Já agora dêm uma vista de olhos pelo site do Steve Pavlina, um "freak do desenvolvimento pessoal", como ele diz. O site dele recebe 1 milhão de visitas por mês!

quinta-feira, setembro 28, 2006

Falar da fala

A primeira coisa que se aprende quando começamos a praticar a via do Buda é que "a culpa nunca é do outro". O inimigo não está no exterior. Chogyam Trungpa classifica o nosso estado habitual como neurótico, e as nossas neuroses podem ter um padrão agressor ou vitimizador, mas são sempre neuroses, contracções, bloqueios, a expressão da nossa relação patológica com o mundo ou a realidade. Face a qualquer "agressão" a primeira pergunta é "de que maneira contribuí para esta situação?" E às vezes não vemos. Podemos passar a vida sem ver os nossos padrões. Podemos morrer sem os ver. Ontem no círculo de partilha o tema era a fala. Das dez acções prejudiciais, quatro envolvem a fala. Isto pode dar uma dimensão de até que ponto a prática a nível da fala é uma componente do caminho espiritual.
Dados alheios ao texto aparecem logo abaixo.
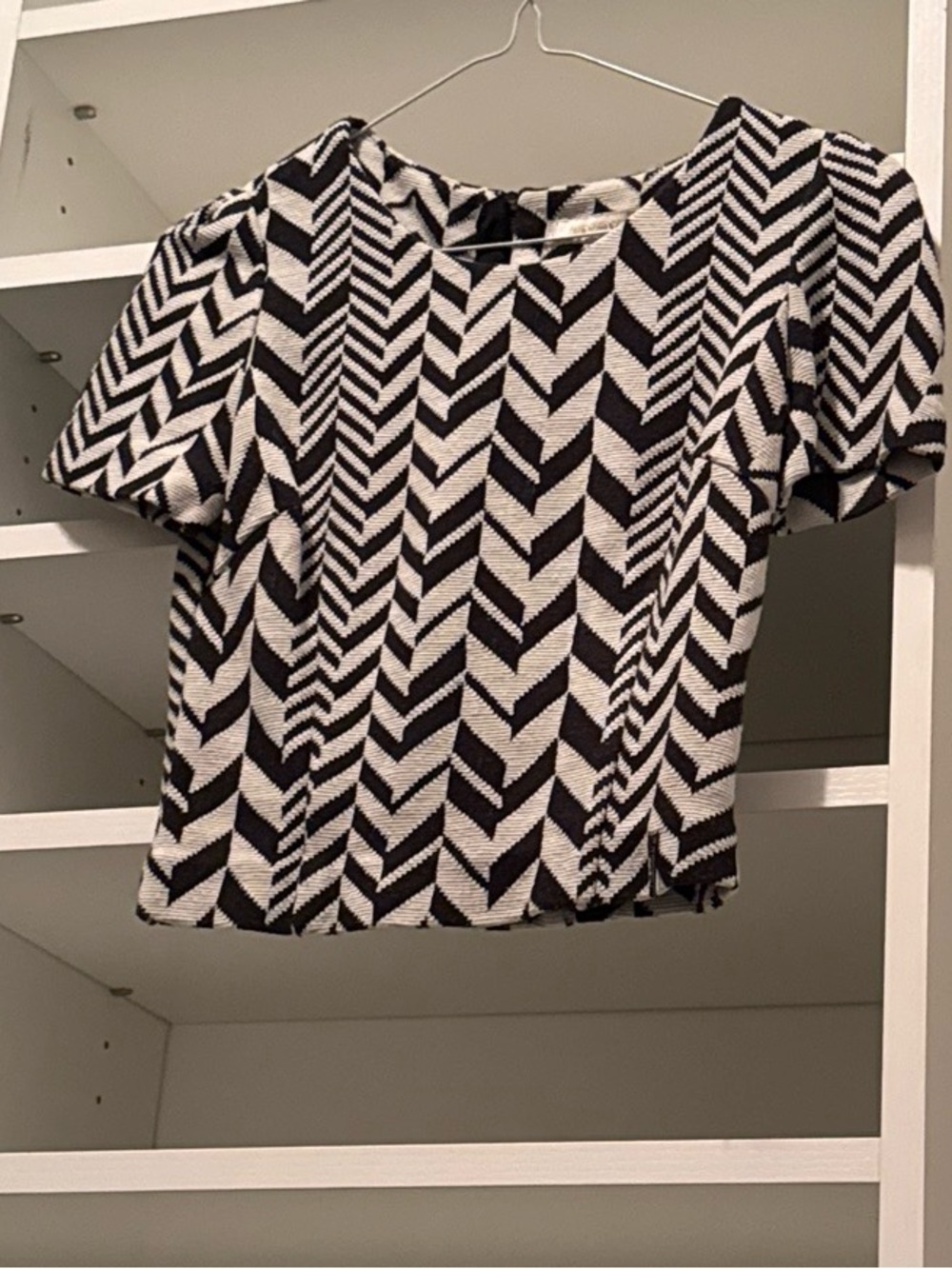 Black & White Chevron Short Sleeve Top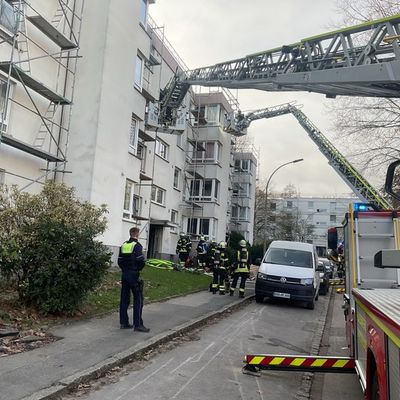 FW-DO: Feuer in Dortmund Westerfilde / Kellerbrand in einem Mehrfamilienhaus.
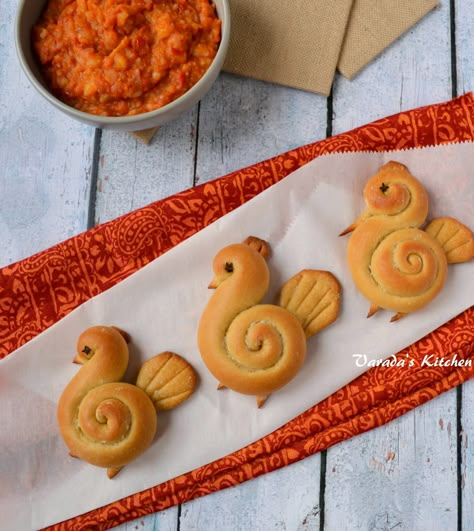 Shaped Dinner Rolls, Decorações Com Comidas, Bread Shaping, Bread Art, Dinner Rolls Recipe, Bread Bun, Fun Kids Food, Rolls Recipe, Food Humor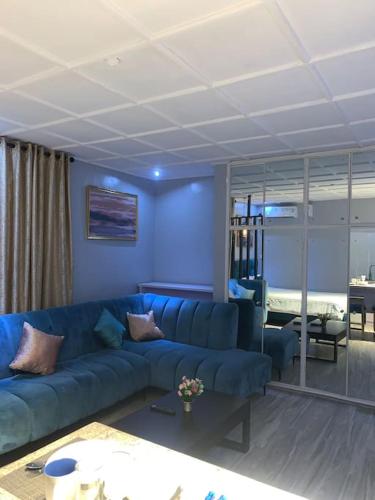 Foto dalla galleria di Teal Open Plan Studio Unit-Lekki 1, WI-FI, Extractor. a Ogoyo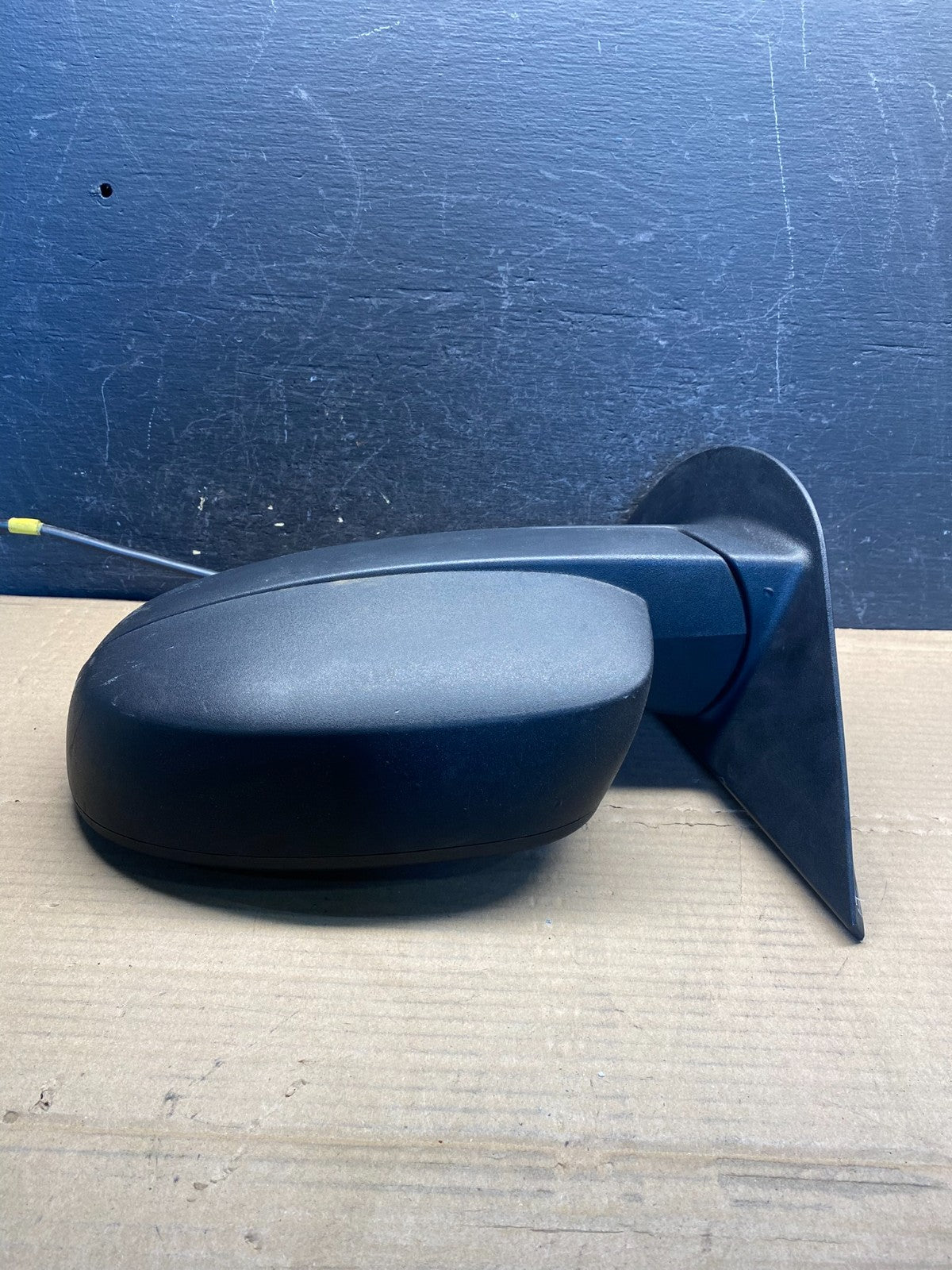 2007 to 2013 Chevrolet Tahoe Silverado Suburban Left Driver Mirror AF3932 DW1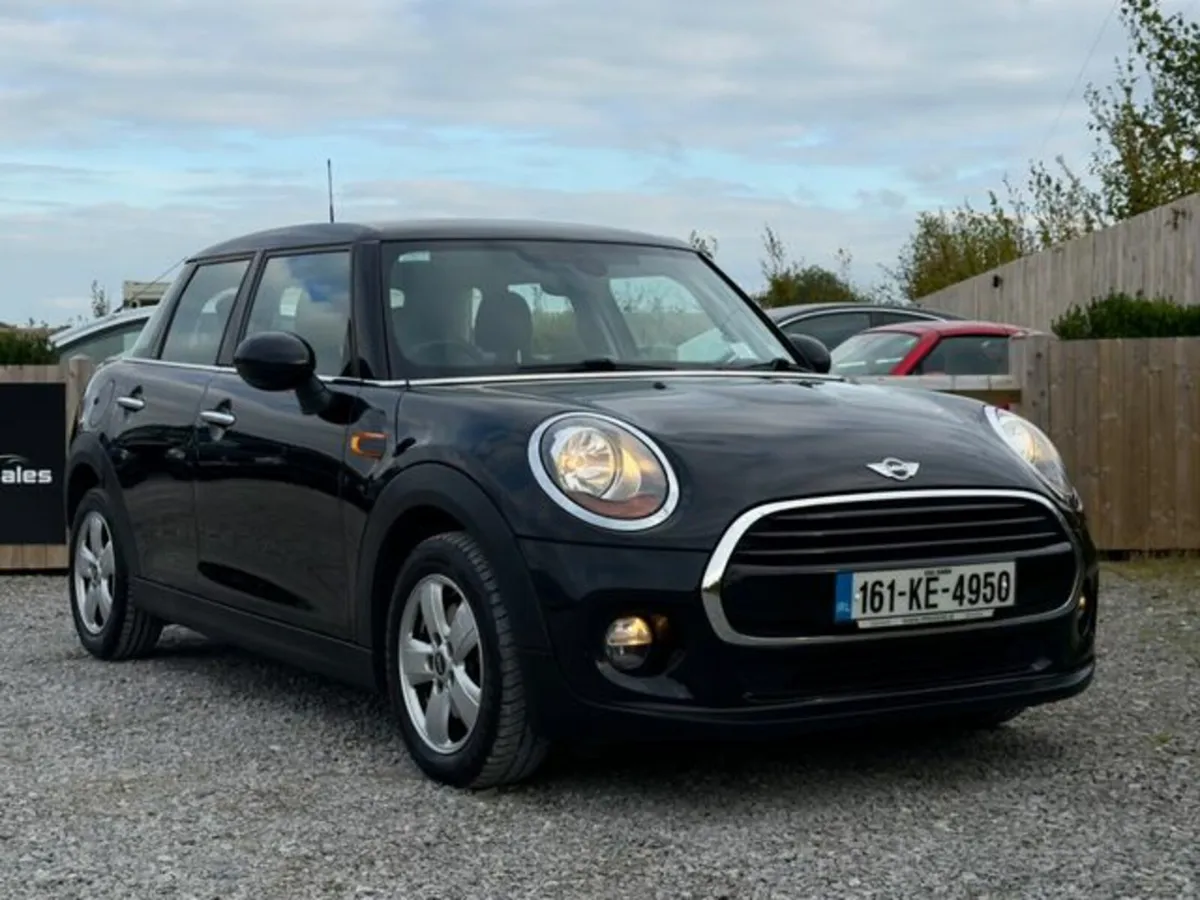 Mini Cooper D XT32 4DR - Image 4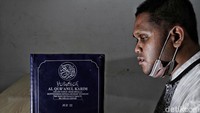 Untuk mengajarkan ibadah seperti salat, berdoa dan tadarus, mereka harus benar-benar diajarkan dengan penuh kesabaran. Salah satu guru tunanetra bernama Reza mengatakan untuk mempelajari membaca Kitab Suci Alquran Braile butuh waktu yang tidak sebentar.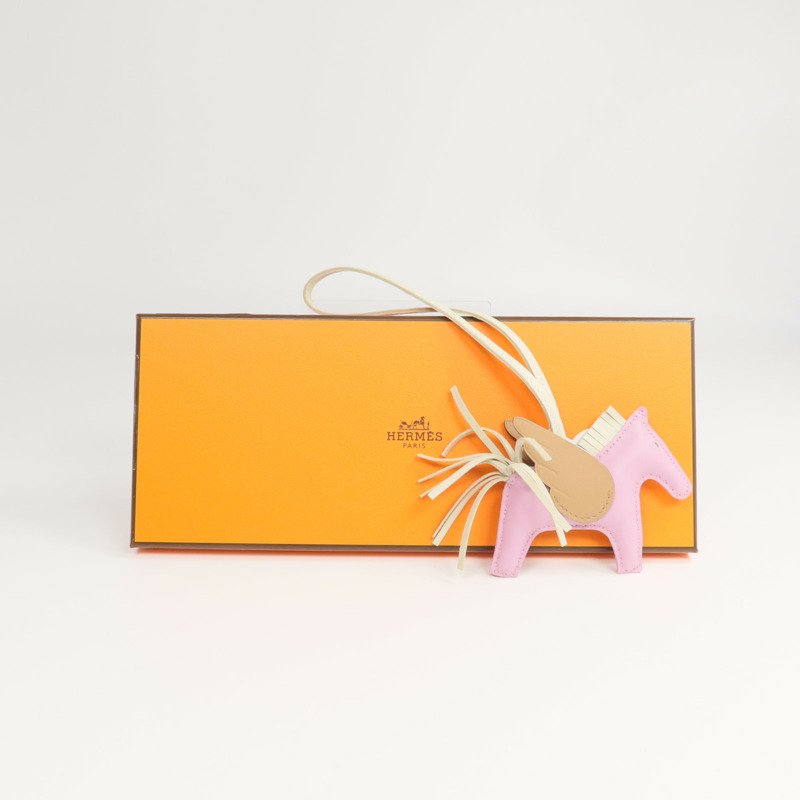 HERMES Milo/Swift皮革Rodeo Pegase PM掛飾Mauve Sylvestre/Chai/Craie-10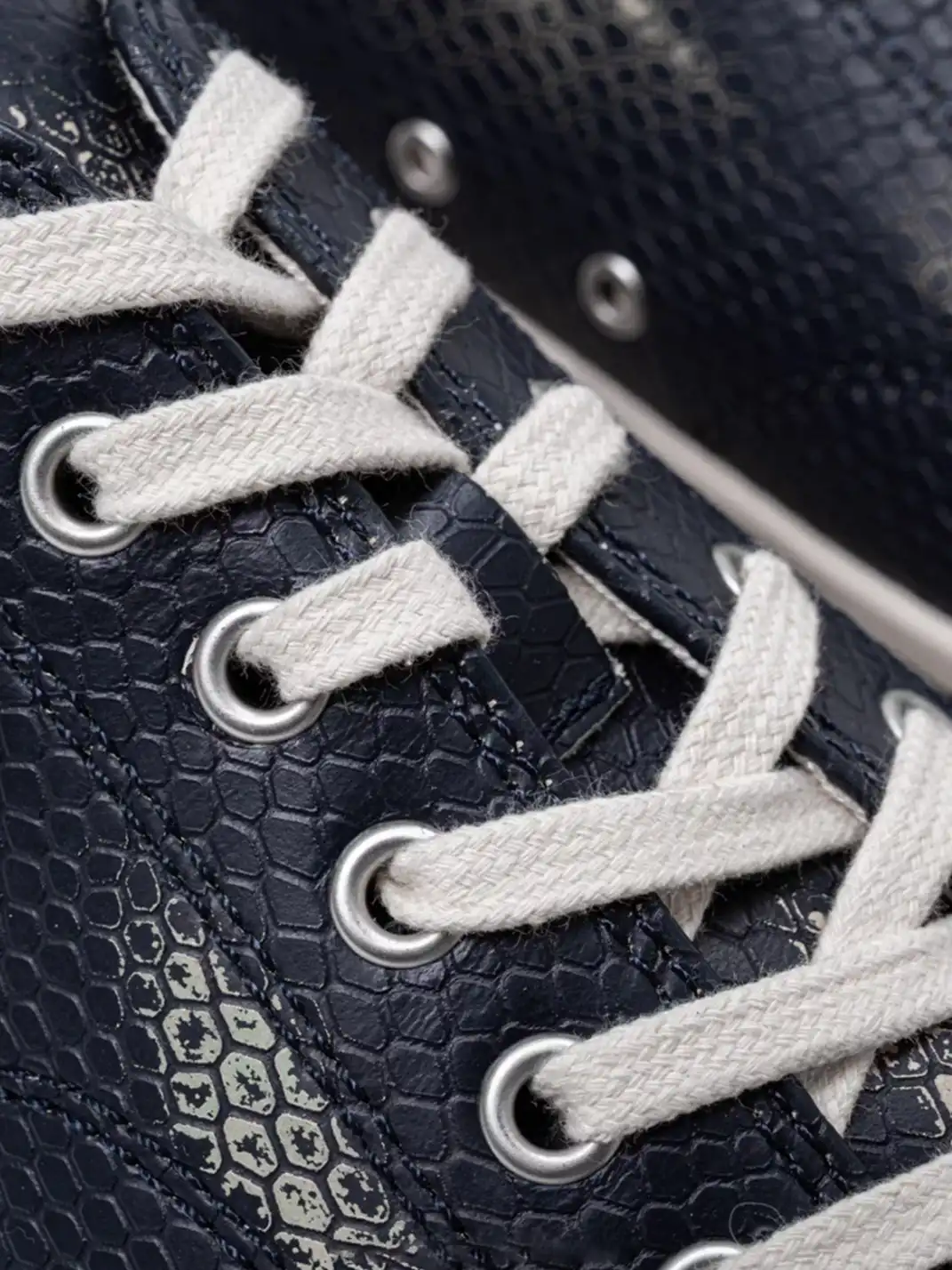 T/C MADE│030 Snake-Pattern Cowhide Low-Top Smiley Canvas Sneakers-Black & Blue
Mentir é a primeira deste grupo de acções nocivas verbais. Há muita espécie de discurso falso. Há as mentirinhas, os pequenos exageros, as pequenas inexactidões mais ou menos humorísticas, as falsidades ditas com o objectivo de auto-protecção ou protecção de outros, e finalmente as mentiras deliberadas, com uma intenção malévola.

O segundo tipo de discurso prejudicial é o uso da linguagem áspera ou agressiva. As palavras ásperas têm poder, magoam e por isso necessitamos de estar conscientes da energia e da nossa motivação por detrás delas. A intenção nesta "vigilância" não é a de suprimirmos ou bloquearmos os nossos sentimentos, mas de comunicar de uma forma que encoraje a cooperação em vez da divisão.

O terceiro tipo de discurso inábil é falar mal de um ausente e bisbilhotar. Como em tudo, é possível escolher o que dizer, as palavras não precisam simplesmente de sair das nossas bocas. Podemos também reflectir sobre por que é que os mexericos são tão visíveis. De uma certa forma, será que reafirmam e reforçam o sentido de eu? É interessante percebermos que o nosso discurso é igualmente e frequentemente uma espécie de mexerico sobre nós mesmos. É muito comum que o nosso discurso seja completamente auto-referencial e auto-centrado, bombardeamos os outros com conversas e histórias sobre "eu", o que eu fiz ou faço, o que eu penso, o que o outro me fez. Seria ainda mais interessante observarmos as nossas motivações nesse momento. Porquê esta necessidade de querer ser o centro das atenções? O poeta espanhol António Machado refere um antídoto para este hábito discursivo: "Se quiseres falar, primeiro faz uma pergunta, depois escuta."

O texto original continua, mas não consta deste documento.